If you’re looking for a loan of any sort, one of the most important things you need to consider is whether it has a fixed or variable rate. As you know, loans work by way of a financial institution giving you a specific amount of money that is to be paid back according to the details of the loan contract you signed. Financial institutions make their money from loans by charging interest on the money you borrow; this is what is known as your loan rate.
Depending on your intended purpose for taking the loan out and how you plan to pay it back, fixed-rate and variable-rate loans offer different advantages. To make the best decision about which loan type is right for you, you need to know the core differences between each of these loan types so that you can see which one matches your financial objectives the best.
Continue reading to find out all of the critical information you need to know as it relates to fixed-rate and variable rate loans.
Which is better, fixed, or variable rate?
To begin, let’s get a clear picture as to what fixed-rate and variable rate loans are in the first place. With fixed-rate loans, the amount of interest you pay remains the same throughout the entirety of your loan. This essentially means the amount of money you pay to borrow will not change for the entire lifetime of your loan.
With variable-rate loans, your interest rate is subject to change at any given time based upon market fluctuation. That means that you could end up paying less or more for the initial amount of capital you borrowed. Often, lenders will give you the ability to choose the type of financing you want on a loan so you can get the same amount of money under either a variable or fixed rate.
Another critical fact to note about variable rate loans is that they have interest rate caps that are designed to protect borrowers from insanely inflated rates in extreme market downturns. However, interest rate caps for variable loans are often so high themselves that they don’t offer the level of protection you would expect.
Here is the breakdown of rate caps for variable-rate loans:
⦁ There is an initial cap rate of 1.5%, which restricts the amount of interest you pay during the first adjustment period to 5.25% or 2.25%.
⦁ There is a periodical cap of 2%, which limits the amount of interest you pay for the second adjustment period by 2% according to whatever your interest rate was at the end of the first adjustment period.
⦁ The lifetime cap of 10% restricts the amount of interest you pay to 13.75% for your loan’s entire lifetime.
These are all of the interest cap percentages that apply to variable-rate loans of any kind.
Choosing the right loan type for your situation
You can get a variable rate or fixed-rate loan for virtually all types of lender programs: student loans, personal loans, and mortgages. Come in fixed-rate and variable-rate formats. If you want security knowing that your interest rate will be locked in for your loan’s entire lifespan, fixed-rate loans are best for you.
If you’re, a bit financially savvy, or have gotten advice from someone credible who suggests that markets are posed to favor variable-rate lenders, you can go with a variable-rate loan, but you need to understand the risks involved.
People Also Ask
Q: Which is better fixed or variable rate loan?

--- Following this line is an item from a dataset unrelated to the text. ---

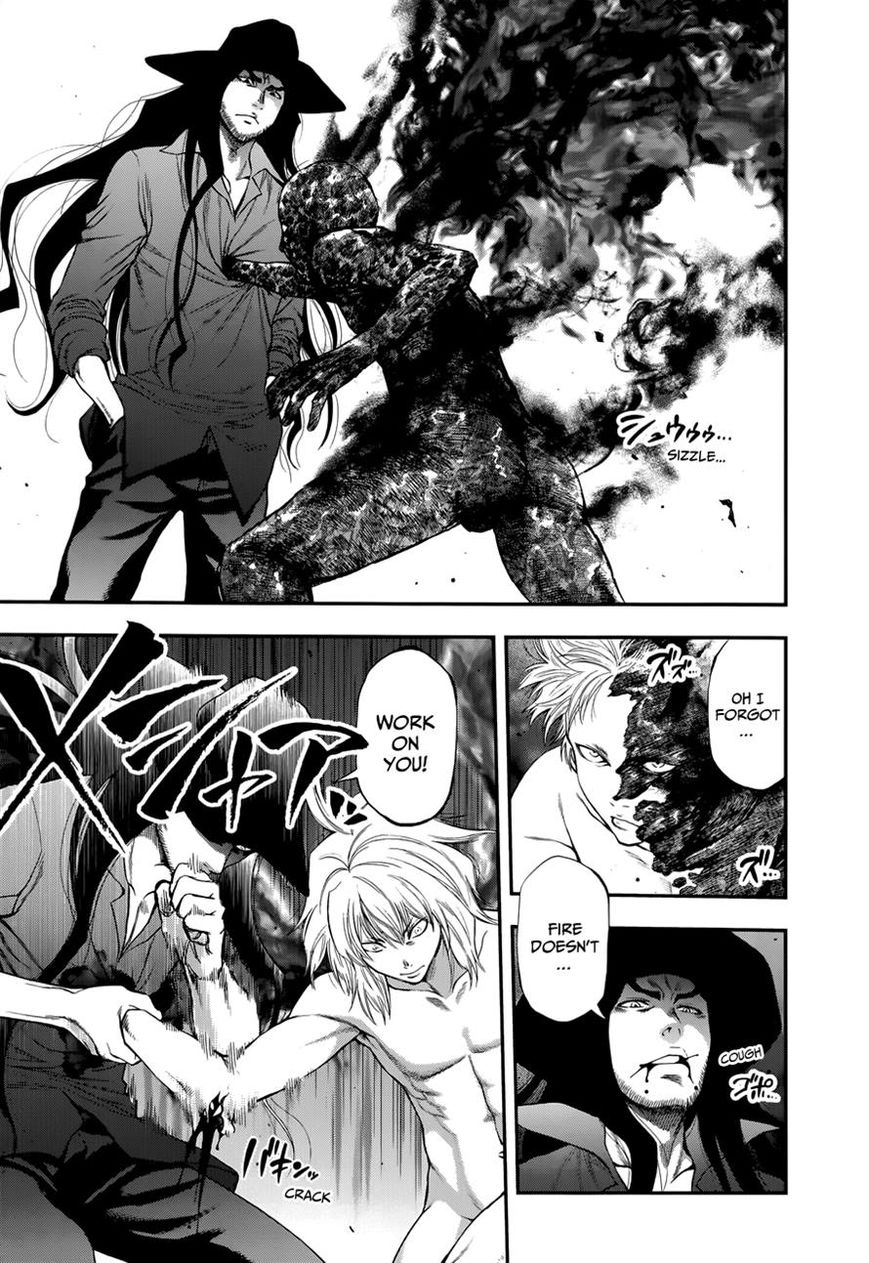 Page 15 of Chapter 104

A: In a market where interest rates are low, a fixed loan gives you the ability to lock-in your rate before they increase. If interest rates are going downward in an economy, a variable loan is best.
Q: Are personal loans fixed or variable?
A: Many personal loans are unsecured, and they come with fixed payments. However, there are some variable rate personal loan options out there in addition to secured personal loans.
Q: Do variable rates ever go down?
A: It all depends on the contractual terms of your loan agreement in addition to the condition of the current financial market. Variable-rate loans can either increase or decrease, which is why they are primarily considered to be riskier than fixed-rate loans.
By now, you know everything that there is to know about the main differences between fixed-rate and variable-rate loans. Before choosing which loan format is right for you, ask yourself the following questions, “Do I want security, or am I willing to take a risk?” “How fast do I plan on paying back this loan?” Once you answer those, you’ll be able to make a decision about which loan format is right for you.